En la vida hay personas a las que les encanta torpedear todo aquello que hagan otros. Ponen zancadillas a diestra y siniestra, crean obstáculos innecesarios, molestan con una insistencia sorprendente.
No importa si algo produjo beneficios. Esas personas miran simplemente los defectos, las supuestas faltas de prudencia, los errores en el camino, los retrasos, las manchas negras…
Las zancadillas llegan puntuales, a causa de personas que tienen un ojo especialmente dotado para destacar las sombras, aunque junto a ellas haya hermosos rayos de luz.
También eso ocurre en la Iglesia. ¿Un éxito en la catequesis? Protestas por los costos de luz. ¿Se difunde el boletín parroquial? Seguro que es de baja calidad. ¿Gustó la homilía este domingo? Obvio, si el sacerdote se dedica a hablar sin teología…

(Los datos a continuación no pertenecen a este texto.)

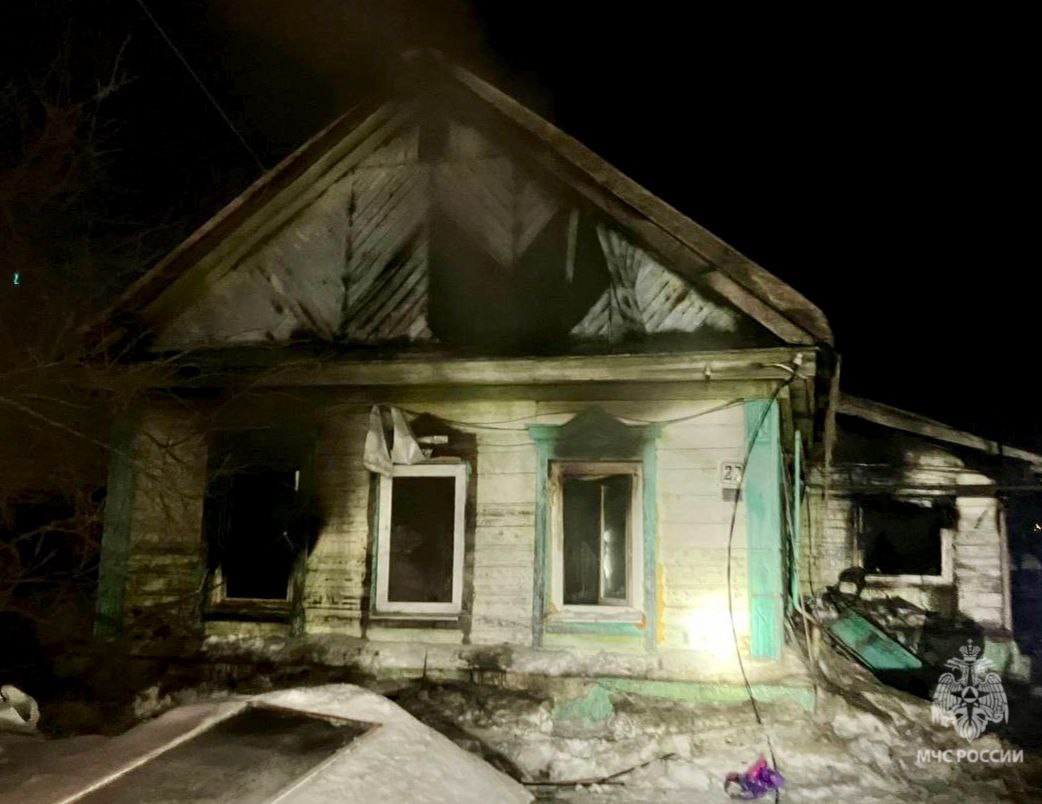 На пожаре под Саратовом погибли кошки, попугай и шиншилла На пожаре под Саратовом погибли кошки, попугай и шиншилла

No faltará quien diga que quienes así actúan ayudan a mejorar algunas cosas. Si todo fuesen alabanzas, no habría mejoras en la ortografía de los boletines o en la calidad de las fotos de la página de Internet.

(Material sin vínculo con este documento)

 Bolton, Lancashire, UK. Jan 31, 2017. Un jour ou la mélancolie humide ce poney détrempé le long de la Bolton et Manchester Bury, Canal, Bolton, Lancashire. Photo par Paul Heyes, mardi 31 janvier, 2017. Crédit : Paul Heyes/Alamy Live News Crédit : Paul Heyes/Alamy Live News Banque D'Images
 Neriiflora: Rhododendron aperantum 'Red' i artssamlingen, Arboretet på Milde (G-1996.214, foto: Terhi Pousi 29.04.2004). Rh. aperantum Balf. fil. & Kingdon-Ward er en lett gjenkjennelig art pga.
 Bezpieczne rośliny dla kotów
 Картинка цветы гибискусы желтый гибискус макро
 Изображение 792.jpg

Pero esa ayuda solo tiene sentido si está acompañada de una actitud sanamente benévola, que reconoce los logros de tantas acciones orientadas al servicio del prójimo y al anuncio del Evangelio.
En un mundo competitivo, donde no faltan envidias, golpes bajos, traiciones y luchas por ocupar los primeros puestos, hace falta una buena dosis de ternura, apoyo y, también, comprensión ante quienes tienen, como todos, sus defectos.
Nada es perfecto. Todo puede mejorarse. Pero ello no impide tener una actitud de verdadera caridad cristiana, que ve más allá de los defectos y problemas, y que reconoce los frutos de quienes se dejan guiar por Dios en el servicio diario, humilde y sacrificado de sus hermanos.